Councilman Booze refrains from dismissing contentious property fines

Council member Corky Booze speaks at Thursday 's Public Safety Committee meeting. Boozy removed an item on the meeting's agenda that he originally placed to hear the request of waiving fines on her former girlfriend's property. (Photo By Leo Zou)

Council member Corky Booze speaks at Thursday 's Public Safety Committee meeting. Boozy removed an item on the meeting's agenda that he originally placed to hear the request of waiving fines on her former girlfriend's property. (Photo By Leo Zou)

Richmond City Councilmember Corky Booze was pressured to withdraw a request to waive fines on a property his ex-girlfriend owns at last Thursday’s Public Safety Committee  meeting.

Booze had previously insisted on the committee hearing the request. He denied any conflict of interest, despite his position as a voting member of the committee. Booze decided to pull the item off the agenda after receiving an email from City Attorney Bruce Miller.

“Bruce Miller told me it wasn’t good so I pulled off,” Booze said after the meeting. Emails from other elected officials also expressed their oppositions to this item.

Since 2008, the Code Enforcement Department has levied about $9,500 fines on an industrial property at 801 Hoffman Blvd. for hazardous conditions and most recently for unlawful fence modifications.

Laura Baker, Booze’s  ex-girlfriend, owns the property.  The land was once filled with dump trucks and building debris, according to Richmond Code Enforcement.
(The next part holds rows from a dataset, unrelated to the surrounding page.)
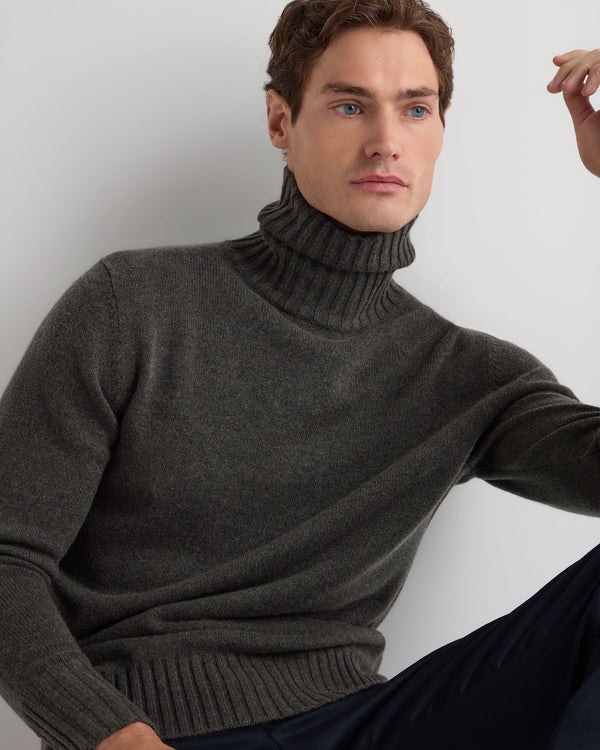 Men's Brompton Turtle Neck Cashmere Sweater  5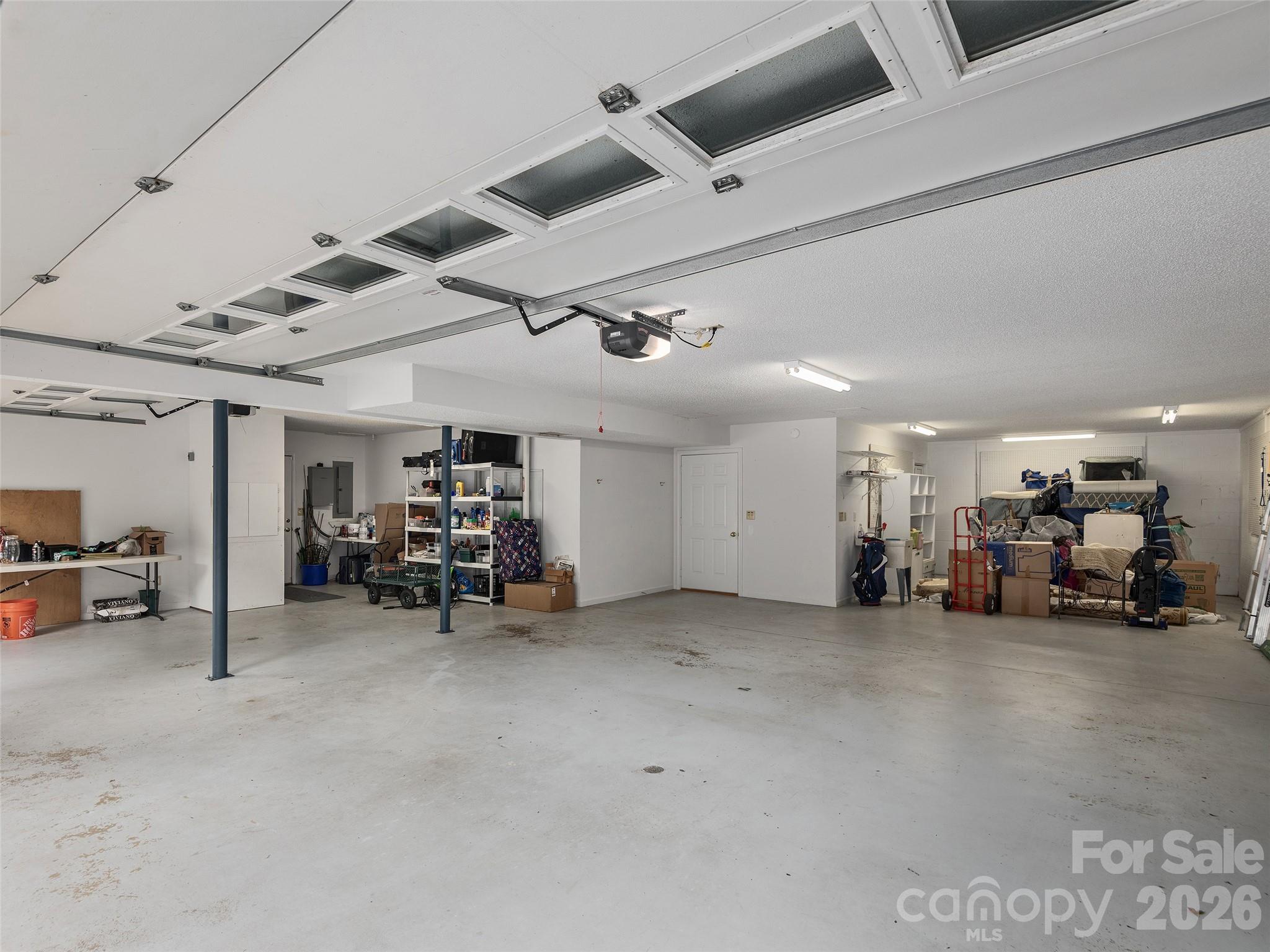 122 Brandon Road — Hendersonville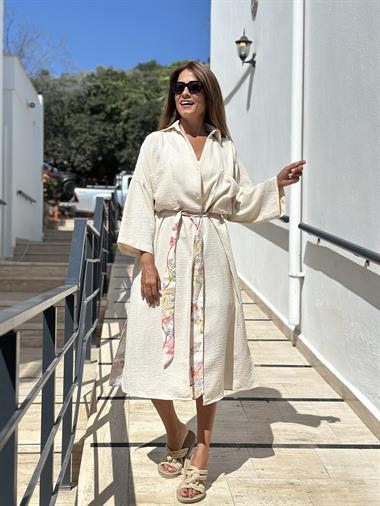 Bej Arkası Çiçek Desenli Kuşaklı Düğmeli Kadın Kimono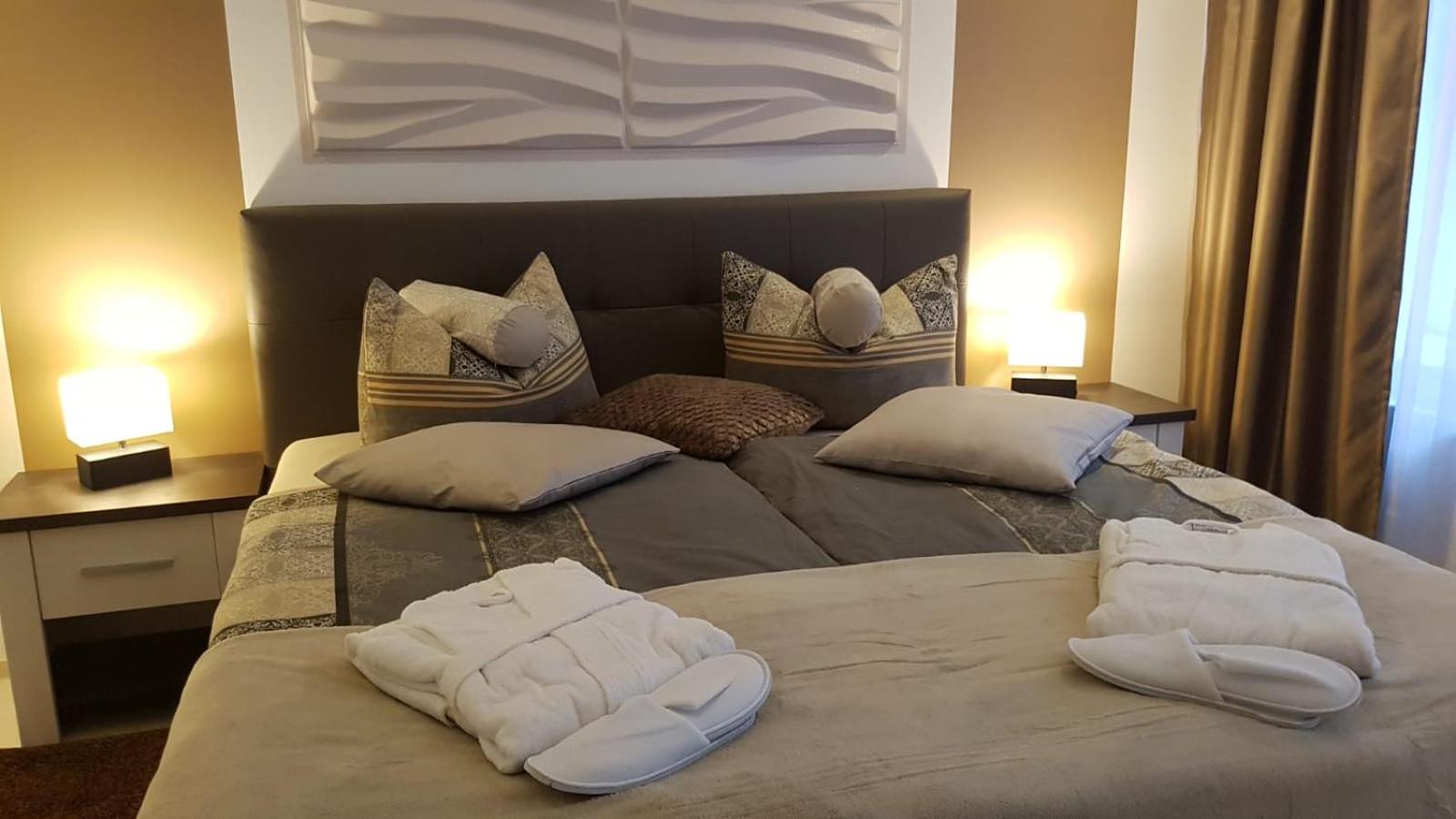 Double Room with Shared Bathroom photo 3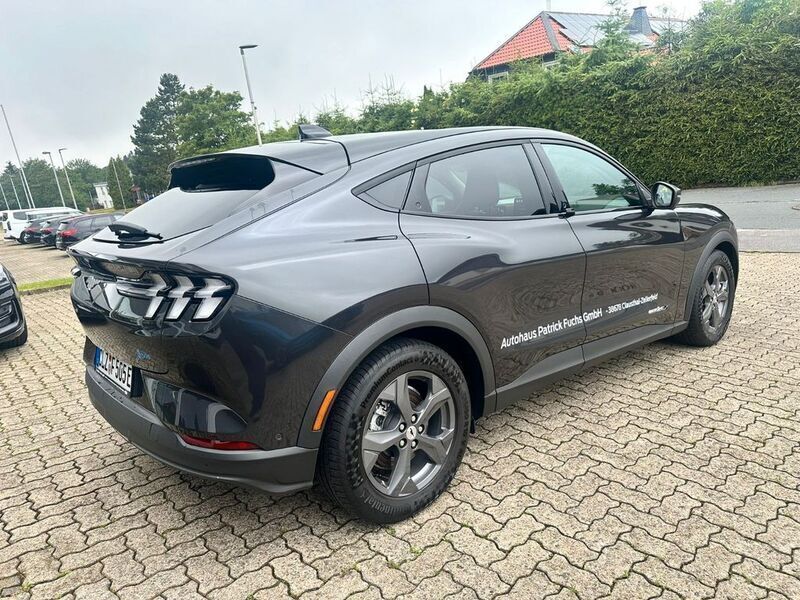 Gebraucht Ford Mustang Mach-E 216 kW (294 PS) 2022 Grau SUV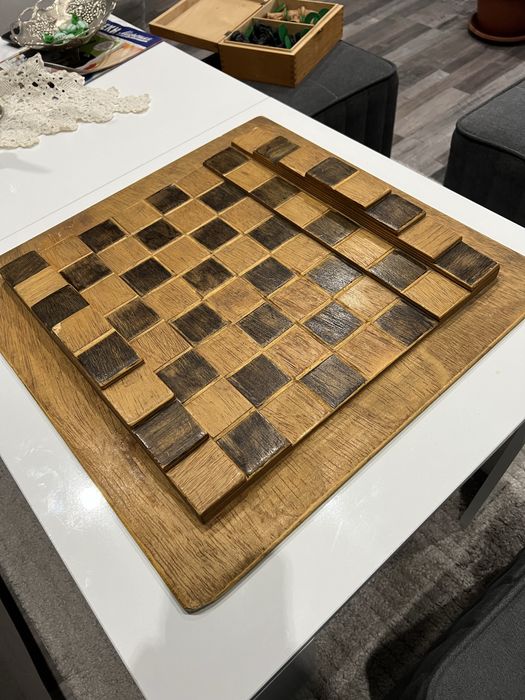 Голям антикварен шах (50 х 50см.)
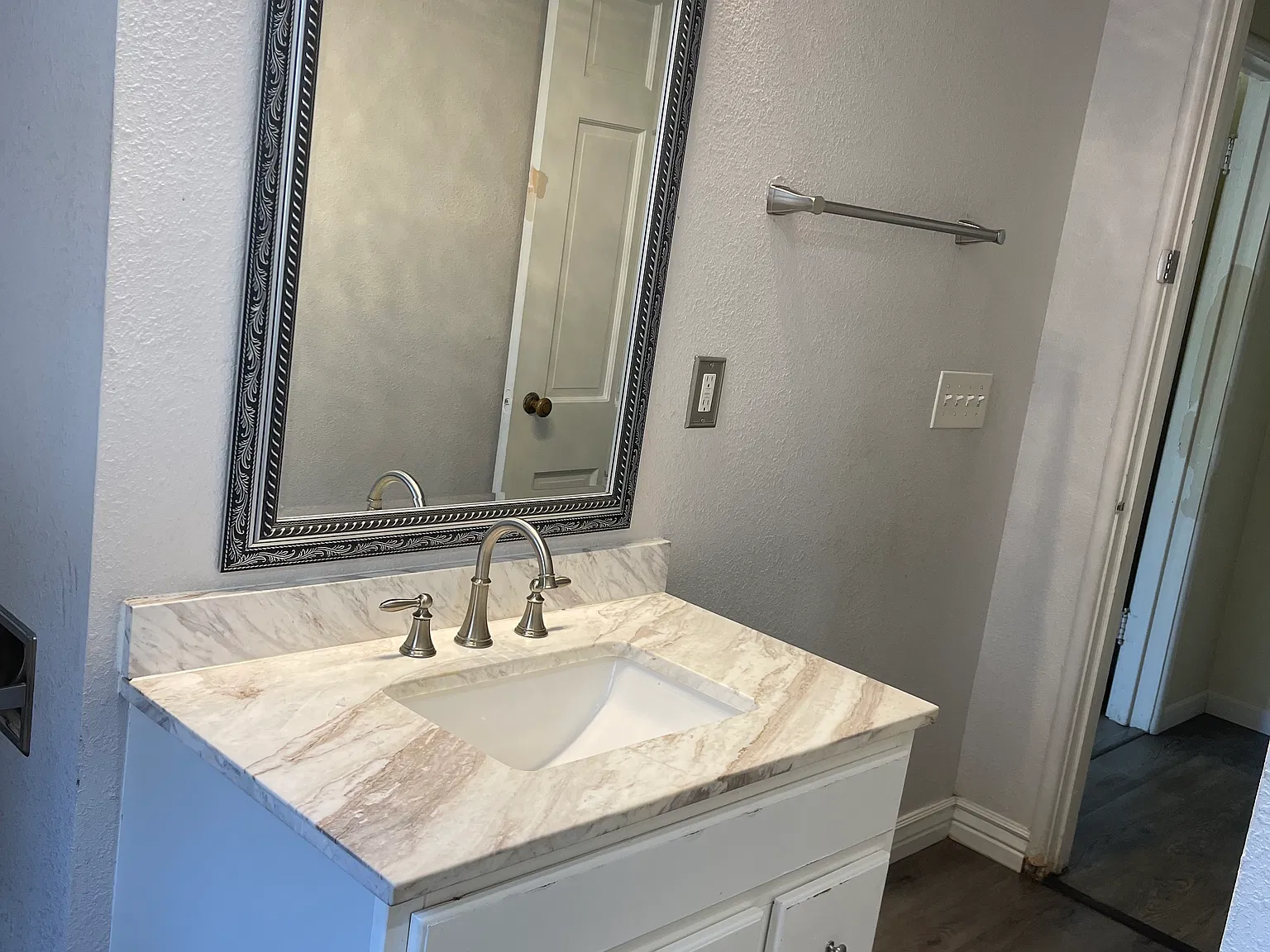 1330 W Park St — Photo 3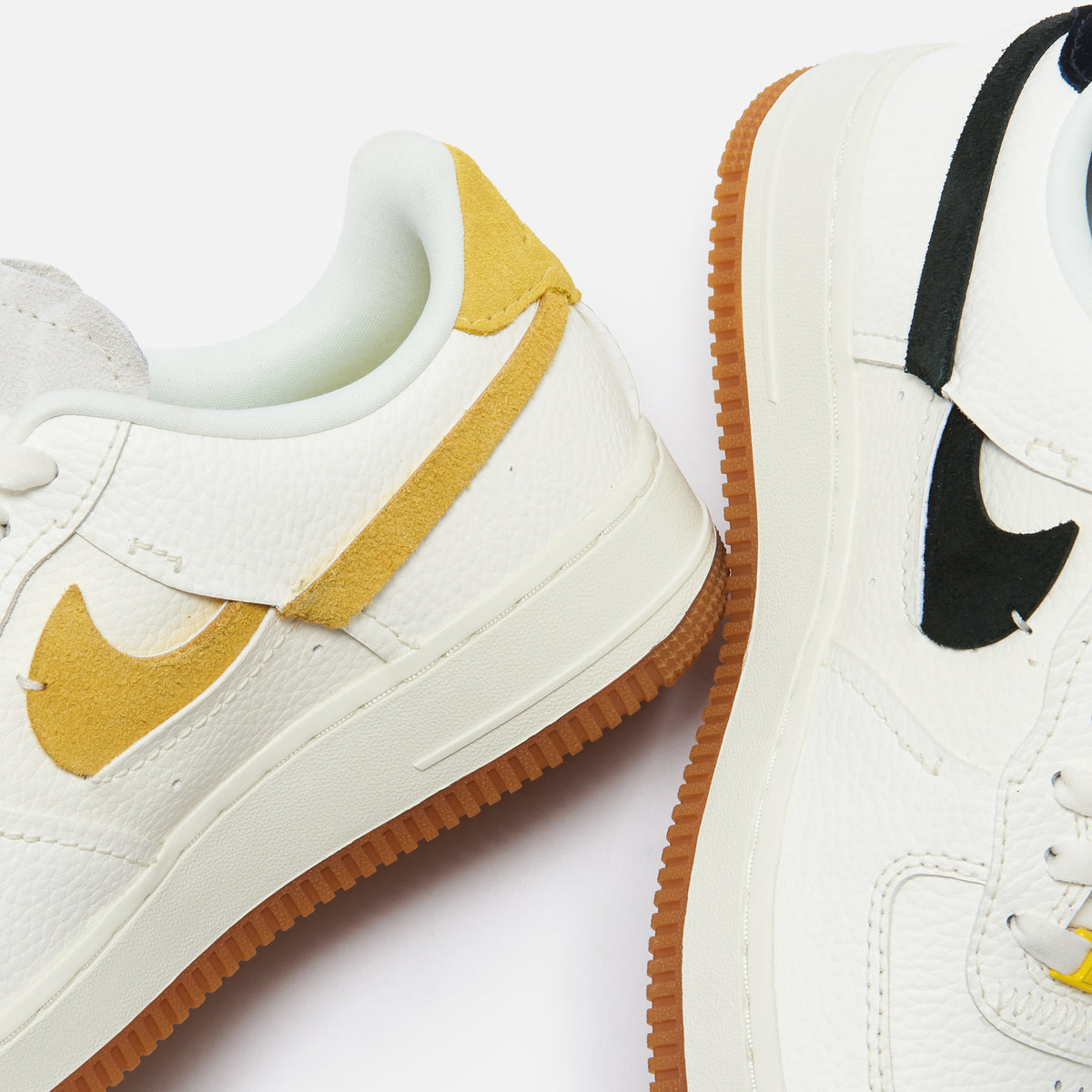 Nike WMNS Air Force 1 '07 LXX - Sail / Black / Chrome Yellow / White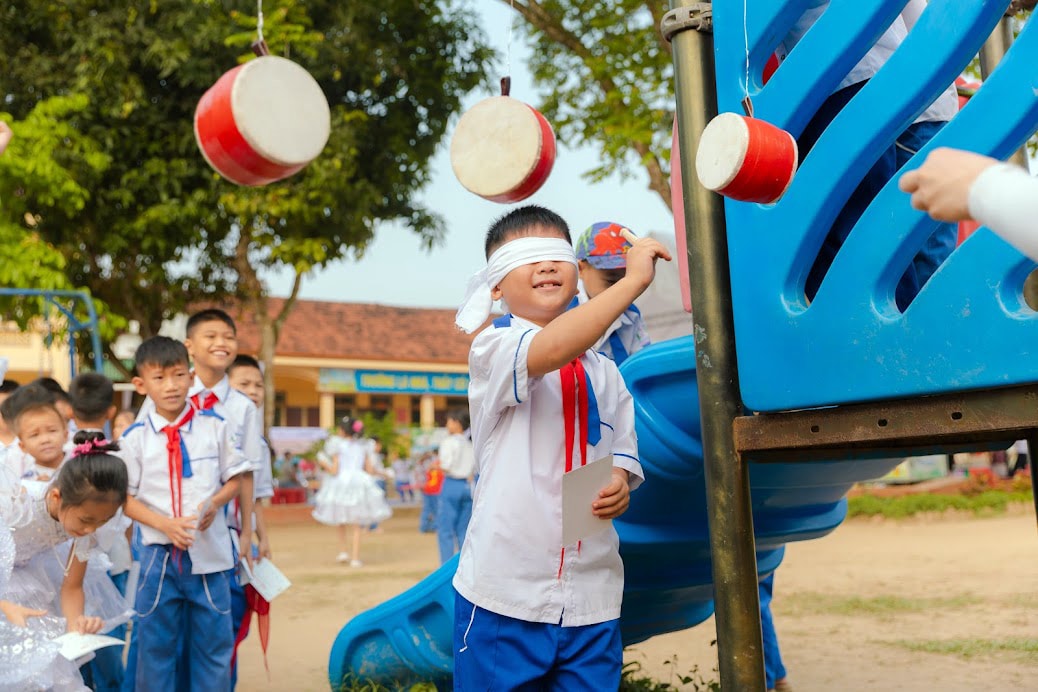 bna_ hs tham gia ngày hội. Ảnh- Phú Hương.jpg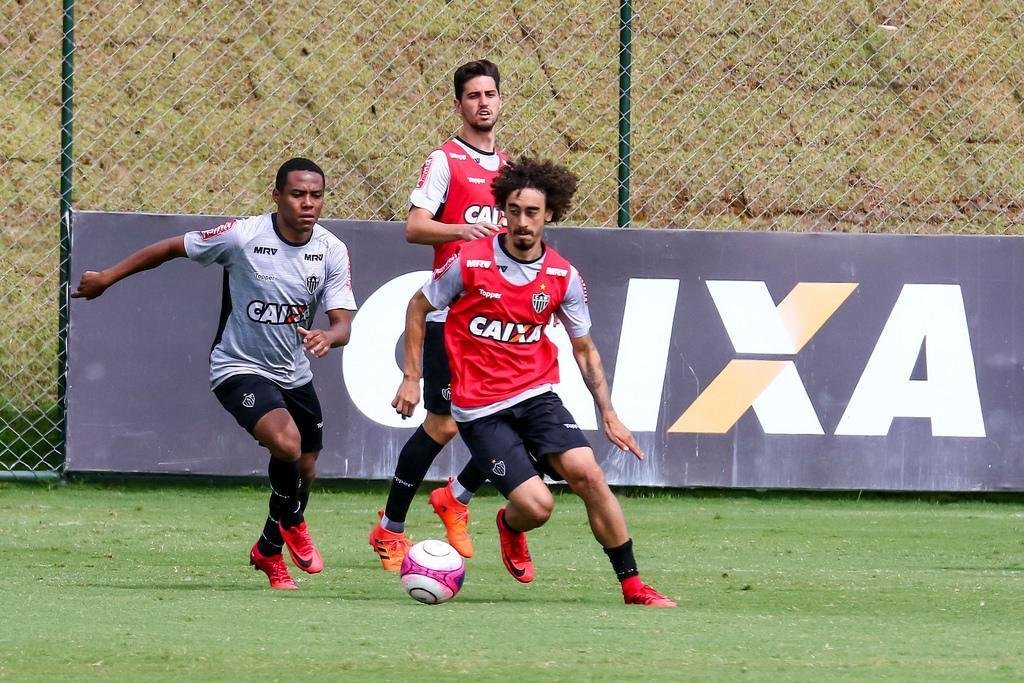 Imagens do treino coletivo comandado por Oswaldo de Oliveira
“Maybe I was too close to Ms. Baker so I step back and let somebody else deal with it,” Booze said as he flipped through pictures of the property on his iPad. These images show that the land has been cleaned up. “Everybody thought it was a personal deal. It is not a personal deal,” he added.

Instead, Booze said that Code Enforcement slapped the fines on the land to retaliate for his recent move to restrict the use of city cars. Tim Higares, director of the Code Enforcement, is one of the people who would be affected by this restriction.

This is not Booze’s first contentious property maintenance case. The city sued him in July of this year for maintaining what it called a “junkyard” in Richmond. The lawsuit alleged that this land “was detrimental to the health, safety or welfare of the public.” A hearing in that case is scheduled  for January.